Monday, October 30, 2017

An Abbreviated Autumn, Part 2


...in which I’ve saved the best for last. The sun through these leaves makes for nature’s own stained-glass masterpiece. Over 50 years of these things for me, and they never get old....


All of the following photos were taken two days after the last post’s batch, which turned out to be the day before that night’s snowstorm and hard freeze that would kill what was left on the trees before it had a chance to change. Then came the winds....


One of the great pleasures of this short season was to come upstairs into the master bedroom in the late afternoon to see the sun blasting through the golden Lombardy poplar leaves through the west-facing windows there.

At the window with the screen pushed back.

Looking up at the same trees, but from down in the yard. There were no bad angles in this light.

Over on the west side of town, and now I notice the Lombardy poplars dominating this post. Although these trees are native to the regions bordering the Mediterranean Sea (hence the “Lombardy”), they were brought to this part of Colorado for use as windbreaks. Lombardy poplars grow tall and fast, and I’ve yet to see one break. The local forestry folk would rather people would stop planting them, as they supposedly have a relatively short life as trees go, but in an area where the wind comes at you as ruthlessly as it does on or along any mountains of respectable size, these trees are a godsend.

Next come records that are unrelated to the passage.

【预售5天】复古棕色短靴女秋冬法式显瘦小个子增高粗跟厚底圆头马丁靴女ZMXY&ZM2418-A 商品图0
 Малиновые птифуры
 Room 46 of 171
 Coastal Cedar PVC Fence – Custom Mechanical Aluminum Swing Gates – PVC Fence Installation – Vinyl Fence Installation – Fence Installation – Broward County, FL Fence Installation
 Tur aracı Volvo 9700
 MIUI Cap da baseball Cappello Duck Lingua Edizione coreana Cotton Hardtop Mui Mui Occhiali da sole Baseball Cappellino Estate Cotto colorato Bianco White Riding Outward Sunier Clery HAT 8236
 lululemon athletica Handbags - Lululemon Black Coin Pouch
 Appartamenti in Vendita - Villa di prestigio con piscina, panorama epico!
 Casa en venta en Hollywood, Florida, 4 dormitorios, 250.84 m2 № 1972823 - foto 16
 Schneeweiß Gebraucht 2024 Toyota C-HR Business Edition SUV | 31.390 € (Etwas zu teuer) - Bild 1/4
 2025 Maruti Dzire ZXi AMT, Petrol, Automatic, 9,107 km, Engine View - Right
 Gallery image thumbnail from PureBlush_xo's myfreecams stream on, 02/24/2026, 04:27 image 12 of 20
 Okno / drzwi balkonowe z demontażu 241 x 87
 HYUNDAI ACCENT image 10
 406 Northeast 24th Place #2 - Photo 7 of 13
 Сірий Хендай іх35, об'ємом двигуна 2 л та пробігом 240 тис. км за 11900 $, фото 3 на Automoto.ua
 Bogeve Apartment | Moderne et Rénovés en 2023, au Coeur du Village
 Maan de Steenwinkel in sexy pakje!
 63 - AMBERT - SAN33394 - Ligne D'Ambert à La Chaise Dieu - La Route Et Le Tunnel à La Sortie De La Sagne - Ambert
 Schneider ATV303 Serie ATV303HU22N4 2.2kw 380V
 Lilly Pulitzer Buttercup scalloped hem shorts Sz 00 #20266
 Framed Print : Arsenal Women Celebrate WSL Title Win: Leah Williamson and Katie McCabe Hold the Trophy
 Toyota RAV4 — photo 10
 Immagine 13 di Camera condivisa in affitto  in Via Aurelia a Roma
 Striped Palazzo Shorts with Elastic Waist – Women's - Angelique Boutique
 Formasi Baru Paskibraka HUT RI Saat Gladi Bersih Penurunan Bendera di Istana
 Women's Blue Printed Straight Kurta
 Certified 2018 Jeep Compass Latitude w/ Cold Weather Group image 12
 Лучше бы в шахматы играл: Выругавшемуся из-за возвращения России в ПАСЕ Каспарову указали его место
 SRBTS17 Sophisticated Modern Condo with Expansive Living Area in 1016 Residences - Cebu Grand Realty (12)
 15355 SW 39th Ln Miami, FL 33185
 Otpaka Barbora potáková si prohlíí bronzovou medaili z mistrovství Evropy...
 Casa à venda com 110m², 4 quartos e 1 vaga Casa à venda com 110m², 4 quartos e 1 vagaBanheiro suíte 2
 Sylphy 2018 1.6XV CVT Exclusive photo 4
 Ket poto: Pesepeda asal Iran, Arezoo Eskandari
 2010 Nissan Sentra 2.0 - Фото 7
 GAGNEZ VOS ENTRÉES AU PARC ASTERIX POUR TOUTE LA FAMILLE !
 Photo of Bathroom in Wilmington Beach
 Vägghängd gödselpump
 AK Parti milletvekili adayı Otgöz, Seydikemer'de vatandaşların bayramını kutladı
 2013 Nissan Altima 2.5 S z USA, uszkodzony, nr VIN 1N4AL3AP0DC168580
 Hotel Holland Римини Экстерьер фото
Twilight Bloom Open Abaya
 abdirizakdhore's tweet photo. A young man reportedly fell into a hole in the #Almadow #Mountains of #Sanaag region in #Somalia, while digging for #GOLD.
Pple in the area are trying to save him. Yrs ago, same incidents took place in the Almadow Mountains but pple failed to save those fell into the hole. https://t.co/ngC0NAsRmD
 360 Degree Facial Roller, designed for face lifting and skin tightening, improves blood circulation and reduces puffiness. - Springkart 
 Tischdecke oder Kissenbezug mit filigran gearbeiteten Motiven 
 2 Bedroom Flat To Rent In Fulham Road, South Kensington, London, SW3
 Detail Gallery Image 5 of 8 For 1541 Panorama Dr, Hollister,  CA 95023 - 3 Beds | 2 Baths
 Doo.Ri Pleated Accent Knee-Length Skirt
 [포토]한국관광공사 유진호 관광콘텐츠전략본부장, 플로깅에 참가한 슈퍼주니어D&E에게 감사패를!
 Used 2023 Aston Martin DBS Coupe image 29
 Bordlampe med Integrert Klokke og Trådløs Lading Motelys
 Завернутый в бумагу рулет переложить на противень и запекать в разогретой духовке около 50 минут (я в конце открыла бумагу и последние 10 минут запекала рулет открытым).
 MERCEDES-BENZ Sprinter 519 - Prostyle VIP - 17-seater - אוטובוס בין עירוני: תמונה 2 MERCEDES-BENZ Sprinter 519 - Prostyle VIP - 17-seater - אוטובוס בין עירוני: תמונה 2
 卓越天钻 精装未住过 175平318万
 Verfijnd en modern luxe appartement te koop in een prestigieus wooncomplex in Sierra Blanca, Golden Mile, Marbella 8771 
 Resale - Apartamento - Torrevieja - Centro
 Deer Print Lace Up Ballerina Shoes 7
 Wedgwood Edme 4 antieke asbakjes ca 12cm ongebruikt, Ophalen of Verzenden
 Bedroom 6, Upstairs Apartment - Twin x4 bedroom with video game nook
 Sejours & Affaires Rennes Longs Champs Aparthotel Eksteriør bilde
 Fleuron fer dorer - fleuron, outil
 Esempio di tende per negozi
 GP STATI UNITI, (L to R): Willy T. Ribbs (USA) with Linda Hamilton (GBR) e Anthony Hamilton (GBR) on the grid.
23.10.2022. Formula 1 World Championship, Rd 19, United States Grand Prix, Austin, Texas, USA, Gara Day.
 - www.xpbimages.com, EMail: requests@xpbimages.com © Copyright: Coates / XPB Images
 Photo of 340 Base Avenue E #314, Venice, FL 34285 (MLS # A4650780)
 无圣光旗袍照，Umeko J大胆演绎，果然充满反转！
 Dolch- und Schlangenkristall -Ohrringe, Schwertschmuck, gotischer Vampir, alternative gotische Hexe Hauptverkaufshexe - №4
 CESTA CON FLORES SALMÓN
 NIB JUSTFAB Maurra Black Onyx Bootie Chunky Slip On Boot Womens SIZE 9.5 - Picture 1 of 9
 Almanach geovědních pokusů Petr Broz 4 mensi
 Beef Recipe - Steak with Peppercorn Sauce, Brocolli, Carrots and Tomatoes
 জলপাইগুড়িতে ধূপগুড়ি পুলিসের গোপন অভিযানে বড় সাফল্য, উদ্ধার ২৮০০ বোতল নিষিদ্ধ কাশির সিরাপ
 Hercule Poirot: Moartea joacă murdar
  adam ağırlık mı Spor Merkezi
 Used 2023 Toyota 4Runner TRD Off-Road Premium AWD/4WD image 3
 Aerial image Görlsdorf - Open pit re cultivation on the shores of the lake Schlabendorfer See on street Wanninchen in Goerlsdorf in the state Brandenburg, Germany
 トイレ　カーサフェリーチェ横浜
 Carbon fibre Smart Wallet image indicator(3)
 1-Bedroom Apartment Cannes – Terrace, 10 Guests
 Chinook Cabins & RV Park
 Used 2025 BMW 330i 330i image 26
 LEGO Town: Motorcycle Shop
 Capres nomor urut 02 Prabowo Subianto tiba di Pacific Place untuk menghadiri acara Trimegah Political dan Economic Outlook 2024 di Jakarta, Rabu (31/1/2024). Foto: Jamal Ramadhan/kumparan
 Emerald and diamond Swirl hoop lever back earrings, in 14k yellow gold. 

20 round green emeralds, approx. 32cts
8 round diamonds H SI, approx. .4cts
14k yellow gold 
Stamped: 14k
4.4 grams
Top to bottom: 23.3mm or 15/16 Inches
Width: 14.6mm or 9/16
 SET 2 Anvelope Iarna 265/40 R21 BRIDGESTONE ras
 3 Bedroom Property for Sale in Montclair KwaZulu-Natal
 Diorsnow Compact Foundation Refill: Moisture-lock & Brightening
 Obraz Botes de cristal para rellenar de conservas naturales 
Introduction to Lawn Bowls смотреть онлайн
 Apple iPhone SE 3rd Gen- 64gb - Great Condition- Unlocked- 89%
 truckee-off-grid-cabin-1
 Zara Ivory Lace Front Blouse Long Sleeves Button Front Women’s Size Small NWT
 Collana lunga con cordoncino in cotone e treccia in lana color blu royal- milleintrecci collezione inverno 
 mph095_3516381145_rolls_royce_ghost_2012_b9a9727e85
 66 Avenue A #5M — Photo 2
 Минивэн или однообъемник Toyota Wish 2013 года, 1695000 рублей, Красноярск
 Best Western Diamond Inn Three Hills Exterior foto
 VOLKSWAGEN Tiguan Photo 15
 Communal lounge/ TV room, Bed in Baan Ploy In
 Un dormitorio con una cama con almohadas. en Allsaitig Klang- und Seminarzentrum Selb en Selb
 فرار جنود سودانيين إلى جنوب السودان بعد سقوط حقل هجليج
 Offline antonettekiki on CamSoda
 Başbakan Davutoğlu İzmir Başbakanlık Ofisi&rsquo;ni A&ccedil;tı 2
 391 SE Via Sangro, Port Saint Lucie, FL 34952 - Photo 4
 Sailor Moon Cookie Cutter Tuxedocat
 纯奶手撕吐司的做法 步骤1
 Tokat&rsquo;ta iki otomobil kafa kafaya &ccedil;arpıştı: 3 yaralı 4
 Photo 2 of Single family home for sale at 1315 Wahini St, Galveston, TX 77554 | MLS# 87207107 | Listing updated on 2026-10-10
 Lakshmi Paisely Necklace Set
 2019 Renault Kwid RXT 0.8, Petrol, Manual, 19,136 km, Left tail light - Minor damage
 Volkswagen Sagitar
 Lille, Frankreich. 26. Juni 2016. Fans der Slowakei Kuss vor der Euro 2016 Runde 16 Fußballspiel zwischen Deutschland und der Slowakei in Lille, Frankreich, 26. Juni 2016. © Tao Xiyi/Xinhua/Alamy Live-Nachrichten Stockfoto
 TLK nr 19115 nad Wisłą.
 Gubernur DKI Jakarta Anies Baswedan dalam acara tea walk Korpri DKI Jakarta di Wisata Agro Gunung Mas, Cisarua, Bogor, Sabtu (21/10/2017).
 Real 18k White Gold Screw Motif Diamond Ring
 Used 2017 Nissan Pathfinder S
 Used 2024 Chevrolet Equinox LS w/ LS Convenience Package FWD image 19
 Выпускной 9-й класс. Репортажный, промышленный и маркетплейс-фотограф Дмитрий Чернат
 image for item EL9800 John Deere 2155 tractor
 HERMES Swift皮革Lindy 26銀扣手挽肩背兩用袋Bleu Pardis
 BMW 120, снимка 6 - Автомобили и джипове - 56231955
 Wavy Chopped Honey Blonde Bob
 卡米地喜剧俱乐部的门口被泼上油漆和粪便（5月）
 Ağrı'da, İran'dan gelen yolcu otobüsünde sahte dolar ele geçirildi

There’s never any sense in getting angry over the weather, but the relentless, bullying winds that came after to strip what was left all blew all sense from my door. I can handle the extreme cold, along with how my south-facing office bakes like a Dutch oven in the summer, but going outside only to get repeatedly slapped upside the skull and bodily shoved around wears on my nerves after a while. 

‘Tis the season. 

The Indian Summer that wound out the last full week of the month has made up for the unsettled week that came before. Although the remaining leaves are, for the most part, dull brown, they fell in a drips of one, two, and three all around. I want to say it sounded like crackling fire—that is the easiest analogy for the season of yellows and reds—but it was more like the slow drip after a wave has washed over. It proved very calming to stand out on the front porch and listen to this as the sun melted into the western horizon.